The Inca craftsmanship is here in abundance, in varying degrees.  Pretty artistic, and it's lasted more than 500 years.

This is a sundial.  It's not so much for telling the time of day as it is for marking the seasons, solstices, and equinoxes.  There are gates and doorways that line up perfectly with the rising sun on the Spring Equinox.   We spent 5 - 6 hours on our tour of the site, and we also had some free time later to look at the things that were of special interest.

Back in Aguas Calientes, we wandered through town for a while - it really is a tourist town, as MP is THE tourist attraction of Peru.  We crossed a bridge over another tributary of the Urubamba River.  During the rainy season and during floods, this is a torrent right up to the sidewalks.  Lucky for us, this was a "perfect day" for touring MP.
 We had a nice lunch, and got to visit with the missionaries, trade stories and pictures and relax for a couple of hours before the arduous trip back.  After lunch, the square came alive with processions and dances.  Probably for the benefit of the tourists, but it had the desired effect.  Everything was pretty lively, loud, and colorful.
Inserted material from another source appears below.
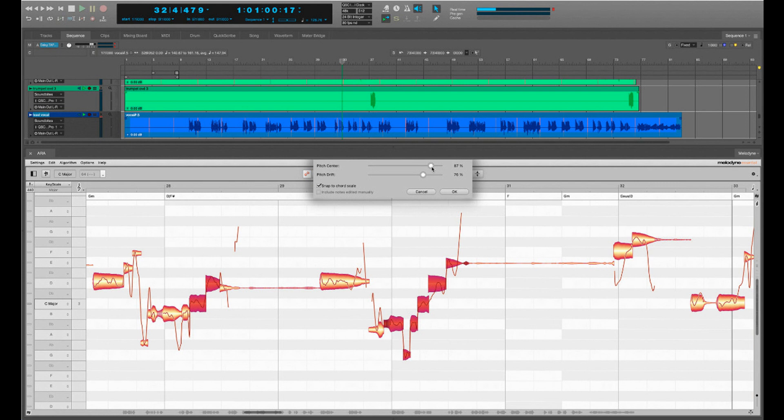The ARA integration of Melodyne requires Digital Performer version 11.2 and Melodyne version 5.2.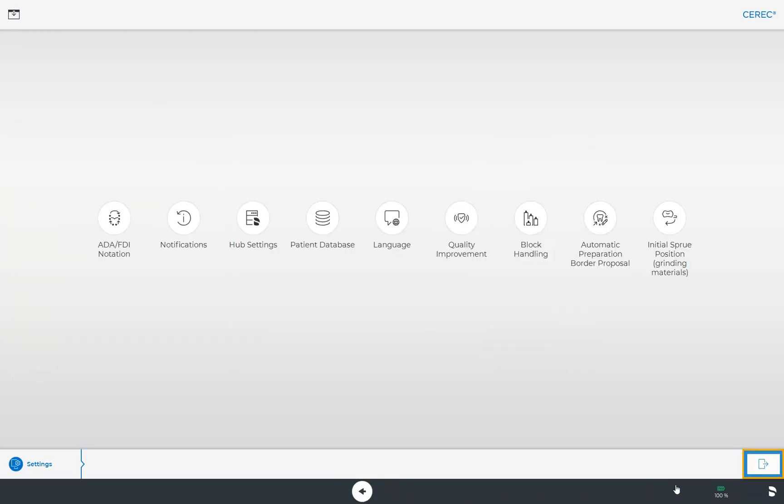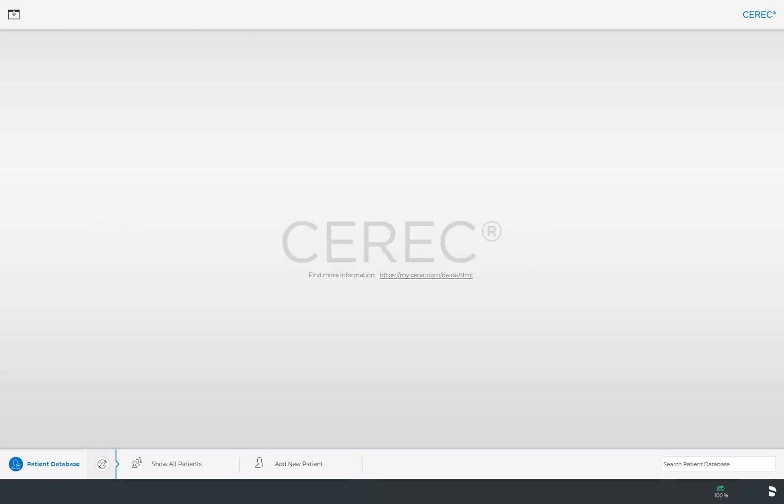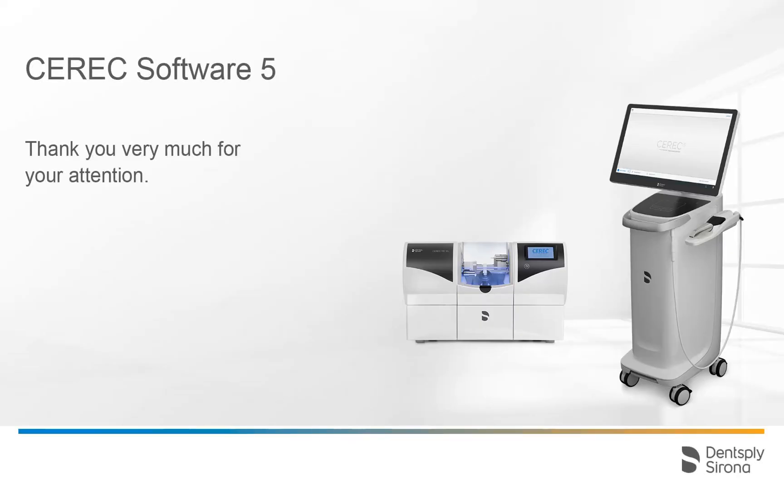Then we close the configuration, which takes us back to the start screen. Thank you very much for your attention. We would like to wish you every success when working with CEREC.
 OK, these pictures are out of order because the blogsite drops them in however it wants to, and sometimes I can shift them, other times not.  The tall peak is Wirra Picchu.  That's where the pilgrims climbed up to consult with the guru.  That may be how that legend started.  Think of Angels Landing in Zion National Park, the height and difficulty are similar.  Nowadays, it takes a special permit that you have to buy at least a month ahead of time to make the climb.  I'll want to do that the next time we visit, but I think Hna. J. will pass on that experience.  Below are some of the terraces, fields, and buildings of this vast site.
 As I said, the dancers were colorful.  Note this group, the guy on the right still has his mask on.  Doubt that the Incas wore tennis shoes, but other than that, they could be from the 16th century.

What's that, Hermana Essig?  Yes, it really is.
 Here's another group of dancers, with dead baby llamas tied on their backs.  Some of them were obviously fakes, but there were at least 2 that had the real thing, including the guy on the right holding a bag of flour.  Part of the fun is that the guy holding the flour bag throws it, usually at some dancer who isn't paying attention, and he's covered in flour dust, but sometimes the tourists got hit, and they took it all as fun.  Curiously, the llamas and alpacas have a high percentage of spontaneous abortions, where the fetuses are birthed prematurely as stillborn.  Evidently this is one of the known risks of raising llamas.  We have seen some in the markets, some with the skin on, and others not, don't ask my why, it's just part of the tradition and culture here.  So if you see a guy with one strapped to his back, watch out for the flour bag!
 A couple more views of this magnificent historical site.  It truly is one of the 7 Wonders of the World, and we were so thrilled to be able to see it, and to spend another day with our favorite people: the missionaries who serve so faithfully in this remote country.

Well, back on the train, then the bus, and finally home at 7:00pm.  This made for a long 17-hour day, and as you may know, Hna. J isn't real comfortable with long trips on swaying buses and trains, but like everything here, she takes it in stride.  She did get a good rest that night, and took a well-deserved sleep in the next morning before getting back to work.  We have lots more pictures and stories of this magnificent place, which we'll be glad to share when we return.